Evangelio según San Mateo 22,1-14.
Jesús les habló otra vez en parábolas, diciendo: "El Reino de los Cielos se parece a un rey que celebraba las bodas de su hijo. Envió entonces a sus servidores para avisar a los invitados, pero estos se negaron a ir. De nuevo envió a otros servidores con el encargo de decir a los invitados: 'Mi banquete está preparado; ya han sido matados mis terneros y mis mejores animales, y todo está a punto: Vengan a las bodas'. Pero ellos no tuvieron en cuenta la invitación, y se fueron, uno a su campo, otro a su negocio; y los demás se apoderaron de los servidores, los maltrataron y los mataron. Al enterarse, el rey se indignó y envió a sus tropas para que acabaran con aquellos homicidas e incendiaran su ciudad. Luego dijo a sus servidores: 'El banquete nupcial está preparado, pero los invitados no eran dignos de él. Salgan a los cruces de los caminos e inviten a todos los que encuentren'. Los servidores salieron a los caminos y reunieron a todos los que encontraron, buenos y malos, y la sala nupcial se llenó de convidados. Cuando el rey entró para ver a los comensales, encontró a un hombre que no tenía el traje de fiesta. 'Amigo, le dijo, ¿cómo has entrado aquí sin el traje de fiesta?'. El otro permaneció en silencio. Entonces el rey dijo a los guardias: 'Átenlo de pies y manos, y arrójenlo afuera, a las tinieblas. Allí habrá llanto y rechinar de dientes'. Porque muchos son llamados, pero pocos son elegidos". 

Comentario

    “Todo está preparado”. Pero los invitados se excusan. “uno se iba a su campo, el otro a su negocio.” Se ve demasiado en nuestros días este asombroso afán por los negocios, esta continua agitación que mueve el mundo entero. A uno se le va la cabeza al considerar tantos vestidos, tanta comida, tantas edificaciones y muchas otras cosas, que con la mitad habría bastante y de sobras. Debemos alejarnos con todas nuestras fuerzas de esta exceso de actividad y de multiplicidad, a todo lo que no es estrictamente necesario, recogernos en nosotros mismos, dedicarnos a nuestra vocación, considerar dónde, cómo y de qué manera el Señor nos ha llamado, a uno a la contemplación interior, a otro a la acción, a un tercero más allá de los primeros, hacia un reposo interior afable, en el silencio tranquilo de las divinas tinieblas, en la unidad de espíritu.

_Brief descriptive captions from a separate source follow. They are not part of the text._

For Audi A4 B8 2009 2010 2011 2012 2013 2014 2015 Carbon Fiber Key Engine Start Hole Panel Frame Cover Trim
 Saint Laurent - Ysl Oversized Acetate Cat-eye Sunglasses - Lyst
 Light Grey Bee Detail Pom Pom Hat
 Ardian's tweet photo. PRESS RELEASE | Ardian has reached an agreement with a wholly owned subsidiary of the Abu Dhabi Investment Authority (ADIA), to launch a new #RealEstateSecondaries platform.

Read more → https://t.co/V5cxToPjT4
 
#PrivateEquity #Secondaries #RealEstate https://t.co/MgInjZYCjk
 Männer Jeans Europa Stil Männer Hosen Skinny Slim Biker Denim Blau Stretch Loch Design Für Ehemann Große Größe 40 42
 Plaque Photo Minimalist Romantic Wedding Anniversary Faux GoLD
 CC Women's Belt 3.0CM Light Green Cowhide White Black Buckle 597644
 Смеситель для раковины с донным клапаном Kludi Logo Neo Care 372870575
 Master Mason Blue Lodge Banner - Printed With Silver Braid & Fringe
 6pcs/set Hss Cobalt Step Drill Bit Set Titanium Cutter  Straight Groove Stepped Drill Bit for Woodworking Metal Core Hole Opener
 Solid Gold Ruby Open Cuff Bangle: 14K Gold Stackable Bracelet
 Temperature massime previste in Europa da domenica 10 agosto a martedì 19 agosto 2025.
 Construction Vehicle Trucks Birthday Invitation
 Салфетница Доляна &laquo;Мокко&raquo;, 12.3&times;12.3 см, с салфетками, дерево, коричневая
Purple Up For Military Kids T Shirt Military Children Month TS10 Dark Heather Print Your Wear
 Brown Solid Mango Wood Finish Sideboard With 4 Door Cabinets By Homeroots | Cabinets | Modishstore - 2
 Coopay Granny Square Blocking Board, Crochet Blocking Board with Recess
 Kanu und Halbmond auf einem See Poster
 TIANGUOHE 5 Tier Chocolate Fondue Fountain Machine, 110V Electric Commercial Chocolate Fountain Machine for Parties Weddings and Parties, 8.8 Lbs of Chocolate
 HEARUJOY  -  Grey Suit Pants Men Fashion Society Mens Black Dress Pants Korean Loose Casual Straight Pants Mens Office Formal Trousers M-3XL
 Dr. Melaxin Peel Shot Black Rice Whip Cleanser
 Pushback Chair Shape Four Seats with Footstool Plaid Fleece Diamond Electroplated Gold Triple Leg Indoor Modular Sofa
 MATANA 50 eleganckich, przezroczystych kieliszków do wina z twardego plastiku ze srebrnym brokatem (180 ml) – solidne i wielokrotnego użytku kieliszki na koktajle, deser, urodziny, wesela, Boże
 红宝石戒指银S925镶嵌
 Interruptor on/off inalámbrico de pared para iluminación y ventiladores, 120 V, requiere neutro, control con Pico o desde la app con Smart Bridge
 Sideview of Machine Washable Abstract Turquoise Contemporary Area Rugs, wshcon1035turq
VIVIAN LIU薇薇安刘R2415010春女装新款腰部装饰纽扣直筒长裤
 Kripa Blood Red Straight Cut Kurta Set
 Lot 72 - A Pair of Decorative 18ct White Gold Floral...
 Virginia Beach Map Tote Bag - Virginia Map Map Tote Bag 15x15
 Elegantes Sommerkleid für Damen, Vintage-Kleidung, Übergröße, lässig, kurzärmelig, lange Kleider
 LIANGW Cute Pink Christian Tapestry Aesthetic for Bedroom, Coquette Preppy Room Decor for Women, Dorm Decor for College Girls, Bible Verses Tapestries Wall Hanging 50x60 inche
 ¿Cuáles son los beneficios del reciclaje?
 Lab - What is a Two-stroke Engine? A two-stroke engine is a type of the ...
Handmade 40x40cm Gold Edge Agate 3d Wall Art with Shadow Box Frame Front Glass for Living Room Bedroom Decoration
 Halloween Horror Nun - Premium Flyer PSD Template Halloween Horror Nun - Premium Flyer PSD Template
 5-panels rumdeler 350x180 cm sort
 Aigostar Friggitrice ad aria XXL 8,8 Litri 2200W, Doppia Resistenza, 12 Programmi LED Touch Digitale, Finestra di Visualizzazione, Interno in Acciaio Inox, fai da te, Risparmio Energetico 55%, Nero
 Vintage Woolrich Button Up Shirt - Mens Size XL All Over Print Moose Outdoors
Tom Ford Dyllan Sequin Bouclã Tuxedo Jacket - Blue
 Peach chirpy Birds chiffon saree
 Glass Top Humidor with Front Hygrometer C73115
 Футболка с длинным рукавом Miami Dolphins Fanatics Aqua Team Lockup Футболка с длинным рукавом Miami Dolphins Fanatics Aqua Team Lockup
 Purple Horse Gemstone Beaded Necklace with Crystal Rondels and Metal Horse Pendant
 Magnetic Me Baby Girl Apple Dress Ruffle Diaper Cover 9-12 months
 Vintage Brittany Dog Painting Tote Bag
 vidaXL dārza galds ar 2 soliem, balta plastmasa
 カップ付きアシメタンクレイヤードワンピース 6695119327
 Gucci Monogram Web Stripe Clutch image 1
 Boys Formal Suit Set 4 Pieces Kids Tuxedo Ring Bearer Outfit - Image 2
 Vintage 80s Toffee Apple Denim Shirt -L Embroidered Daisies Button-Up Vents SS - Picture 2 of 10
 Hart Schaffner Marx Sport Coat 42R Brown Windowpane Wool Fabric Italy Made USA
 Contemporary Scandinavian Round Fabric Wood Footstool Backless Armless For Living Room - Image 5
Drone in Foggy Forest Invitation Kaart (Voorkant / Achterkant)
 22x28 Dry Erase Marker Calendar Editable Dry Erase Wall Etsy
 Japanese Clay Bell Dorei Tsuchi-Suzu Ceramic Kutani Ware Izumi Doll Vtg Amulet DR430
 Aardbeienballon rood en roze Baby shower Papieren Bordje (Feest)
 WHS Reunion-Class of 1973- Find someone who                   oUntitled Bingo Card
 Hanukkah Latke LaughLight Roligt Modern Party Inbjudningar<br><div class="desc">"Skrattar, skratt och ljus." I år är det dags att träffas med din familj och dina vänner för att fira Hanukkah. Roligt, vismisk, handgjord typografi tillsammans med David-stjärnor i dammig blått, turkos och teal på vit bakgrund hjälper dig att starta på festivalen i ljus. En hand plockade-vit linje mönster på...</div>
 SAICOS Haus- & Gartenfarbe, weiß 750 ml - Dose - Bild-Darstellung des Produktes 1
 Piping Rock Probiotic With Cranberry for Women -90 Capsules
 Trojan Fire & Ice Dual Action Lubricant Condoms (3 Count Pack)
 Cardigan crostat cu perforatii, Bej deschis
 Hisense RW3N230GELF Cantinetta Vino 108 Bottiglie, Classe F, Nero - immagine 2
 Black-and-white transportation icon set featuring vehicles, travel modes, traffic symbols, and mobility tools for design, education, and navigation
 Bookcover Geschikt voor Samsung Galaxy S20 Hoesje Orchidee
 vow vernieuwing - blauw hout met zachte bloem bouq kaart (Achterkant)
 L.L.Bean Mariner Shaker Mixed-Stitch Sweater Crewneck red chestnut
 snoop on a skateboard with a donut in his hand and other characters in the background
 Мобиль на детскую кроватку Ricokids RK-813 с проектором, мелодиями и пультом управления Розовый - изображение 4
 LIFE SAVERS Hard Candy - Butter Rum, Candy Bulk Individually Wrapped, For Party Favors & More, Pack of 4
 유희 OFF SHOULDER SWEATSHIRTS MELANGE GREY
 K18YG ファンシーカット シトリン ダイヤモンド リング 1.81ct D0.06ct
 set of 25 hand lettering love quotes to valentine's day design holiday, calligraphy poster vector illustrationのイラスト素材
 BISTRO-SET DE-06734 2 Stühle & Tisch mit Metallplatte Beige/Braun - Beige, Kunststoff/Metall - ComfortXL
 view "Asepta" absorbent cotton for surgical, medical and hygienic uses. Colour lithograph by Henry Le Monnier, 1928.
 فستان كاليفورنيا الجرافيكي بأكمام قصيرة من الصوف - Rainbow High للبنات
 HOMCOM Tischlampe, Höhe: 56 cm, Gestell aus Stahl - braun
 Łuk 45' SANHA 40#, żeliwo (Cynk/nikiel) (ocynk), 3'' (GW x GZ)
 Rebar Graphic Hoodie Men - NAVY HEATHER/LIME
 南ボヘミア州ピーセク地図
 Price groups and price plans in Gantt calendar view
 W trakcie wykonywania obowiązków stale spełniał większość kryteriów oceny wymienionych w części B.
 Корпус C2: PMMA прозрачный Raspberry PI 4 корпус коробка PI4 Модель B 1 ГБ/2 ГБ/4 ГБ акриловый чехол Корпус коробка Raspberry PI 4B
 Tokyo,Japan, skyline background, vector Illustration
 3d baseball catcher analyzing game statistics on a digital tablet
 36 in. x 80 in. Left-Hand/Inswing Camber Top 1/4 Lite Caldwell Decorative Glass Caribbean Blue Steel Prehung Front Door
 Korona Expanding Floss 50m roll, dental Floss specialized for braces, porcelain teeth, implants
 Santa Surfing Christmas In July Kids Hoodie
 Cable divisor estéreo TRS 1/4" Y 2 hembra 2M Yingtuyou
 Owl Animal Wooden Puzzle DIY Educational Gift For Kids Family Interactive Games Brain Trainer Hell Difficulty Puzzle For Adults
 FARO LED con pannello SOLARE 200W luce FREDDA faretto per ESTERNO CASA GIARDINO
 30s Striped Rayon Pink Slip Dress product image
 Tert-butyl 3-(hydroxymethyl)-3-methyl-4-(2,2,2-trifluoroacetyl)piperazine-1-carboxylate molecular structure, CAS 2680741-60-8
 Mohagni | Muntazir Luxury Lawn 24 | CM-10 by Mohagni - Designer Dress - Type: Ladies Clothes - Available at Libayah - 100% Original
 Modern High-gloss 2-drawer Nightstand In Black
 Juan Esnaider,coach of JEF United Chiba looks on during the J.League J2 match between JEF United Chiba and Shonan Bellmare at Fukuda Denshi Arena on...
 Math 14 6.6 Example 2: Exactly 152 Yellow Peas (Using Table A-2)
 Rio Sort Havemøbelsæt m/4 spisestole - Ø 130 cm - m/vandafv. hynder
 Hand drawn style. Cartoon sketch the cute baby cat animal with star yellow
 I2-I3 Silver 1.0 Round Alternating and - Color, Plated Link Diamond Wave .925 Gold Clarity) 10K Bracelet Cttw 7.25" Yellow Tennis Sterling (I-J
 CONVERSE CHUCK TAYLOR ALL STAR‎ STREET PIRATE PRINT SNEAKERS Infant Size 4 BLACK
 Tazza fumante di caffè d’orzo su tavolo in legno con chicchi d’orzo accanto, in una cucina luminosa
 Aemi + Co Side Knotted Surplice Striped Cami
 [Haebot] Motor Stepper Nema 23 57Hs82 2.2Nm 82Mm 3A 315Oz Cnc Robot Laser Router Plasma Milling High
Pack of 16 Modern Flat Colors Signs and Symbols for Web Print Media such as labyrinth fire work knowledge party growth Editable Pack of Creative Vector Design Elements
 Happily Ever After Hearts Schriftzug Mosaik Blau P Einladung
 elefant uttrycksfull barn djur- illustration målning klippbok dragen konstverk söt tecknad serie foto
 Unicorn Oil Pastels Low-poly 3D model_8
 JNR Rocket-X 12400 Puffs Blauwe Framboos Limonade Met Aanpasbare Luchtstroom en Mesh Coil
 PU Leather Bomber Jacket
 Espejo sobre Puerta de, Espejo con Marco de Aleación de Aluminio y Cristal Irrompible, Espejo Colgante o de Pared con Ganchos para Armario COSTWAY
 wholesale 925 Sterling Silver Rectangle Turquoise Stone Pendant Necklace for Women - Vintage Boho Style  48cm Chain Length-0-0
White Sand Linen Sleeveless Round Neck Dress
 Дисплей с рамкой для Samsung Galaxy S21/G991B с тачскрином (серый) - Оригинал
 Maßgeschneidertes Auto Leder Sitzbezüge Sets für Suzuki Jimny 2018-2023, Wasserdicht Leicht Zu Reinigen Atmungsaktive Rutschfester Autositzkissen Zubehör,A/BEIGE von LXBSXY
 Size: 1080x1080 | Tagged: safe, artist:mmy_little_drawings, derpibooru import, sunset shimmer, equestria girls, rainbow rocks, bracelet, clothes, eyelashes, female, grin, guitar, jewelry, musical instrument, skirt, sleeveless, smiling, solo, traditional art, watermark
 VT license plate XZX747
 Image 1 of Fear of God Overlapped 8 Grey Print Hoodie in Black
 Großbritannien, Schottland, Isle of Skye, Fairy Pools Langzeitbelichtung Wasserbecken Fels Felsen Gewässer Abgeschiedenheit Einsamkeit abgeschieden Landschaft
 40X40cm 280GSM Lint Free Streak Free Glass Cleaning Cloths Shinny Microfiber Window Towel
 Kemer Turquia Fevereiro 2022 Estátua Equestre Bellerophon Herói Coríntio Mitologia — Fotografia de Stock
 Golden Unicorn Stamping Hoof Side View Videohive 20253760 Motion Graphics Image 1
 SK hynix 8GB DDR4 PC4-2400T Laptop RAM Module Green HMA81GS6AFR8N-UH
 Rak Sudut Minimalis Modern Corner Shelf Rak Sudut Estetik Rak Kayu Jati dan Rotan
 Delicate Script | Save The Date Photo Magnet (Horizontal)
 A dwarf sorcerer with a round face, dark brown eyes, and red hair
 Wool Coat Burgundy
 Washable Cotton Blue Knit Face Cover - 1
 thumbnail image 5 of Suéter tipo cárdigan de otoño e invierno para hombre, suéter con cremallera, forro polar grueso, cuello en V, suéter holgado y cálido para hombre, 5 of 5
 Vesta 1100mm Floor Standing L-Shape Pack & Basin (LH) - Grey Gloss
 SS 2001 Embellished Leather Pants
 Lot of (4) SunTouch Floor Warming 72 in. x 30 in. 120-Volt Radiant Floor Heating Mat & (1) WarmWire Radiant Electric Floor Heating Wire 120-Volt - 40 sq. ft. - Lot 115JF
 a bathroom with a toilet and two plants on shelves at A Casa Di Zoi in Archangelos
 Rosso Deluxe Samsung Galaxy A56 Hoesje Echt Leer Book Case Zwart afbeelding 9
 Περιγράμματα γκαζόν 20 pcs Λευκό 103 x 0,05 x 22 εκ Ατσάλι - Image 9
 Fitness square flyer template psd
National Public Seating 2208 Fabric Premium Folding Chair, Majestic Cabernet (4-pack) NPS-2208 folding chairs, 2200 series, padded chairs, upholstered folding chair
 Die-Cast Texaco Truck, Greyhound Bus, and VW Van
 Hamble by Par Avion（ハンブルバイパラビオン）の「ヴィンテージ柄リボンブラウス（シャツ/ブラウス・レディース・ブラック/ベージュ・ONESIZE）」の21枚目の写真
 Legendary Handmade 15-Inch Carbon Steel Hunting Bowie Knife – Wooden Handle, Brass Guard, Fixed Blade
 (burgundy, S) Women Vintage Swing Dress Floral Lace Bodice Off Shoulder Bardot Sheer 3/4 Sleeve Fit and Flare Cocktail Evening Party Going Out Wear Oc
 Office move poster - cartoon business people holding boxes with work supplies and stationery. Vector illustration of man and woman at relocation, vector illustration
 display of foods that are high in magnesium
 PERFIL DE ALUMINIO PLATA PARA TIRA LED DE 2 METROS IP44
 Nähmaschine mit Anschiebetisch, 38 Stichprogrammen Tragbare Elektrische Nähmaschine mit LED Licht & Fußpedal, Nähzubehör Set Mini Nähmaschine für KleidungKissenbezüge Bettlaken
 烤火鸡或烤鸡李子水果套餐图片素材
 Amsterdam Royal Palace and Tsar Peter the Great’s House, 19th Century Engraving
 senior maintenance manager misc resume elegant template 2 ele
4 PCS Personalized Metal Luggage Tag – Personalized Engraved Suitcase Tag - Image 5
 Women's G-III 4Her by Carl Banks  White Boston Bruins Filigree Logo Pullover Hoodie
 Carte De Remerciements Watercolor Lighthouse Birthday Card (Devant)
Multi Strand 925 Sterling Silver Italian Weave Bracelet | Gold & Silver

    Pero si el hombre, llamado al silencio interior sereno y noble, en el vacío de la nube oscura (cf Ex 24, 18) quisiera abstenerse por ello, de toda obra de caridad, no haría bien. Este hombre también tiene que hacer las obras de caridad según las circunstancias le inviten a ello...

    “Mi banquete está preparado, he matado becerros y cebones, y todo está a punto...” (Mt 22,4) El festín es figura del reposo interior en el que uno goza de Dios como él goza de sí mismo, de manera activa, donde el amo, el rey, viene toda hora a hacerse presente en el banquete. Pero el evangelio cuenta, a renglón seguido, que el amo encontró uno e los comensales del festín sin el vestido de fiesta. El vestido nupcial que le faltaba al huésped es la caridad pura, auténtica y divina, la caridad que no quiere más que lo que Dios quiere...El amor y la intención de algunos no son del todo según Dios, sino que se buscan a si mismos. A éstos dice el Señor: “Amigo ¿cómo has venido aquí sin en el vestido de la caridad auténtica? Has venido a buscar más bien los dones de Dios que a Dios mismo.”